#### Your objective:
Pictures excluded, reproduce exactly the lines below from the one with "Anisocarpus madioides" through the one with "PURE ESSENCE LABS", both included.

#### Records provided:

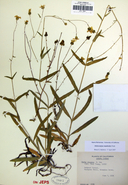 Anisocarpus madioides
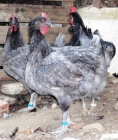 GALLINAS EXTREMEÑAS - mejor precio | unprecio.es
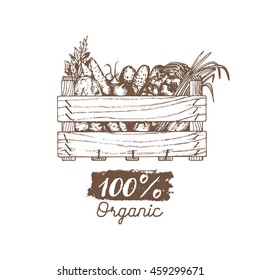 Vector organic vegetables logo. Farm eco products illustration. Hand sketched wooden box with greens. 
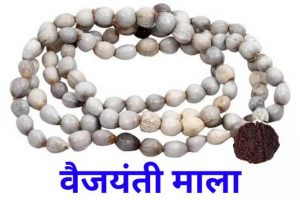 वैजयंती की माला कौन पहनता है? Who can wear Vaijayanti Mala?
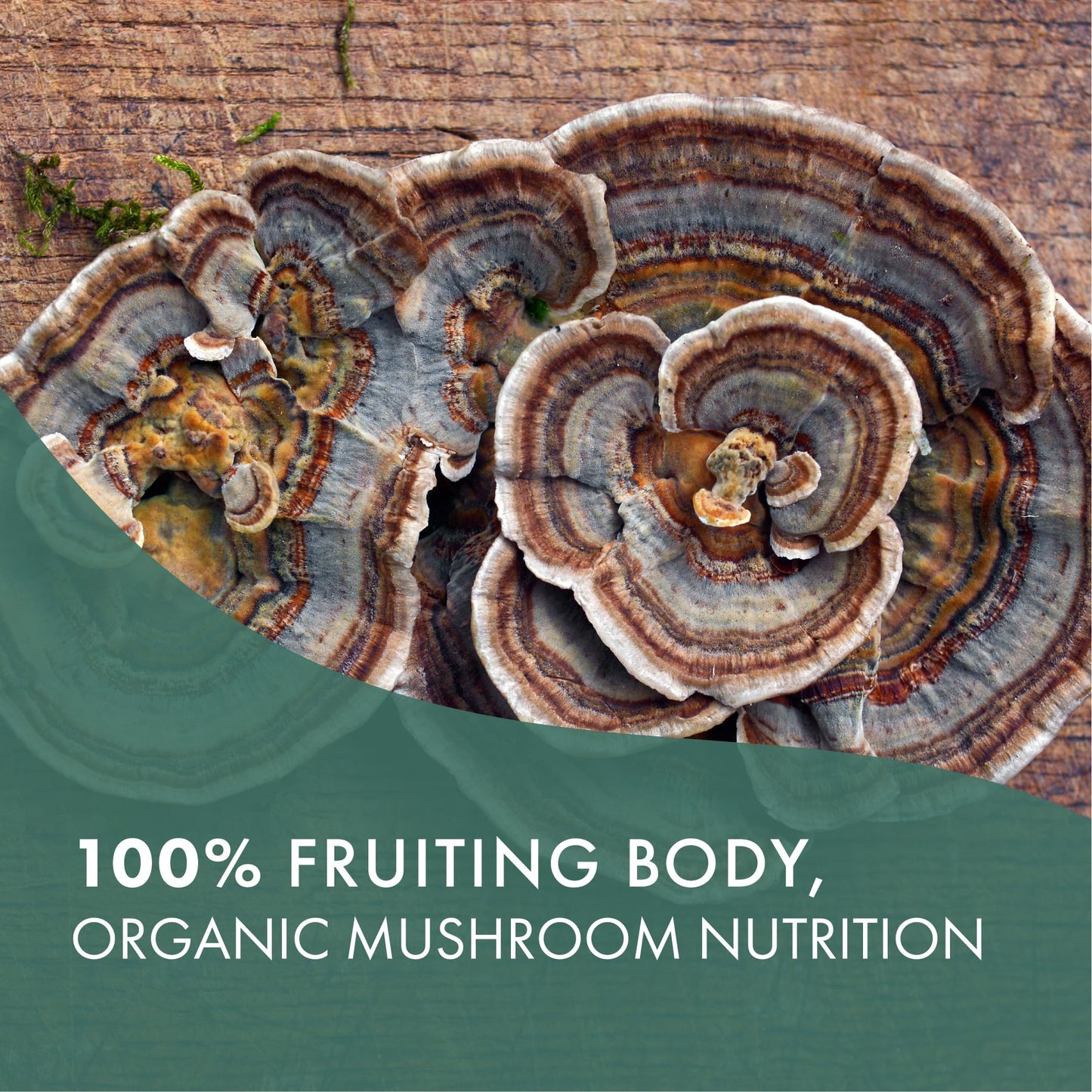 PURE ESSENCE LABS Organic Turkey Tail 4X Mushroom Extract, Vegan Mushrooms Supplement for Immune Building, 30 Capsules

--

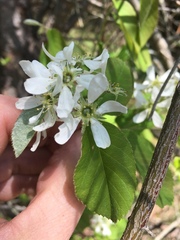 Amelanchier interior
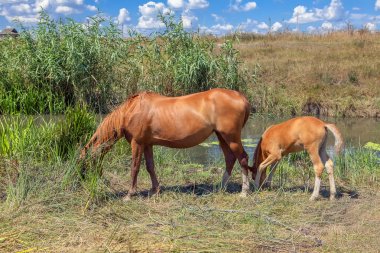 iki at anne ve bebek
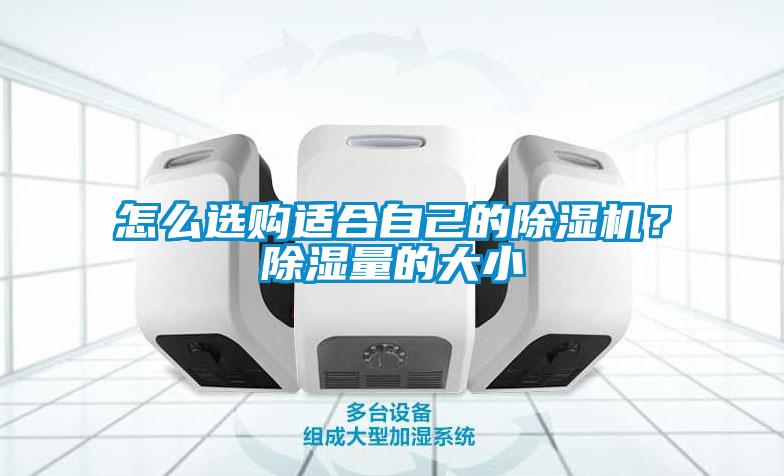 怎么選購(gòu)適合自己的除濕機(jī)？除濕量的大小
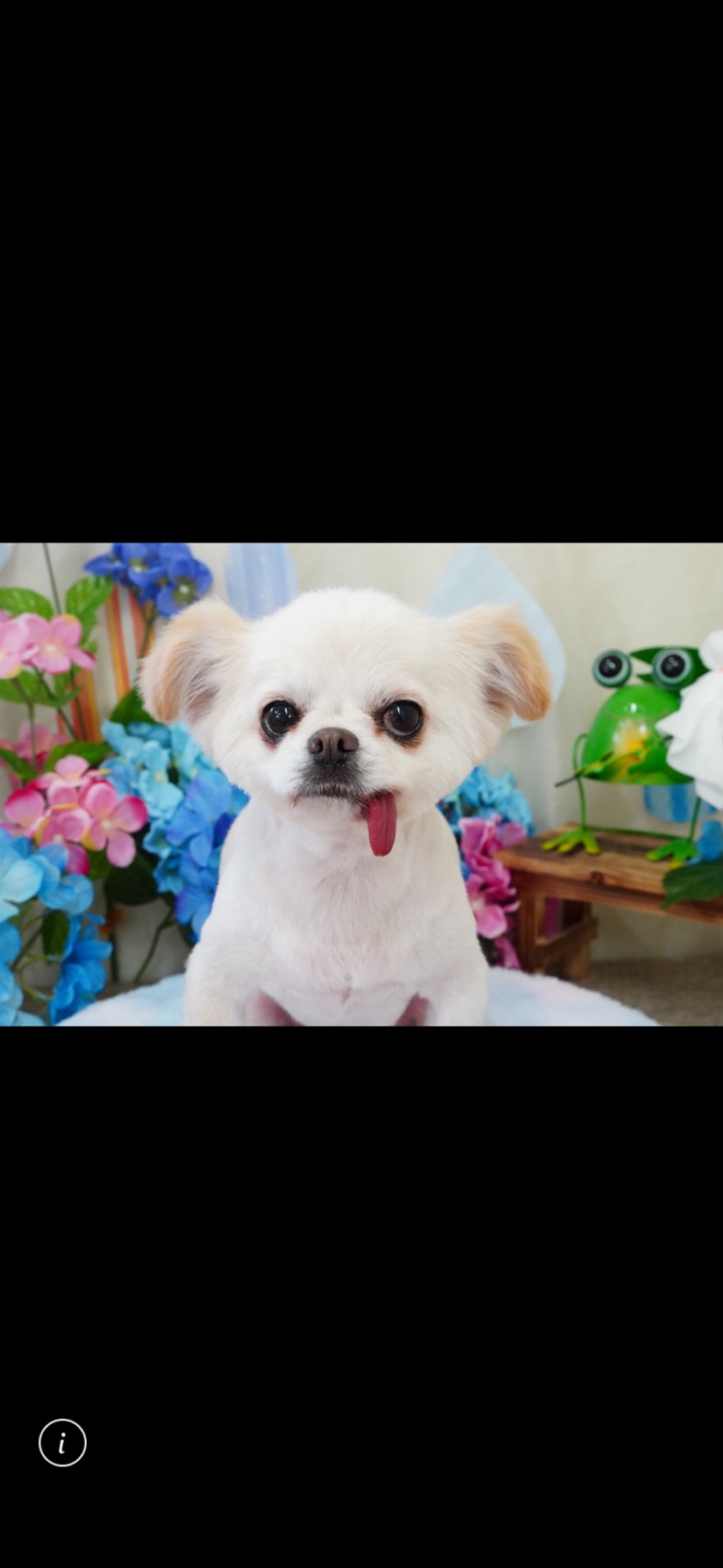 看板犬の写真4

* * *

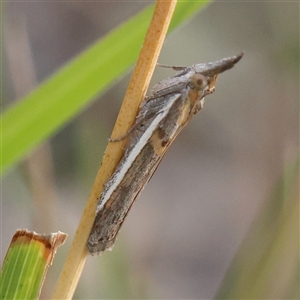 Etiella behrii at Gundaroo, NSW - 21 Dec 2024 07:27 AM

#### Expected answer:
 Anisocarpus madioides
 GALLINAS EXTREMEÑAS - mejor precio | unprecio.es
 Vector organic vegetables logo. Farm eco products illustration. Hand sketched wooden box with greens. 
 वैजयंती की माला कौन पहनता है? Who can wear Vaijayanti Mala?
 PURE ESSENCE LABS Organic Turkey Tail 4X Mushroom Extract, Vegan Mushrooms Supplement for Immune Building, 30 Capsules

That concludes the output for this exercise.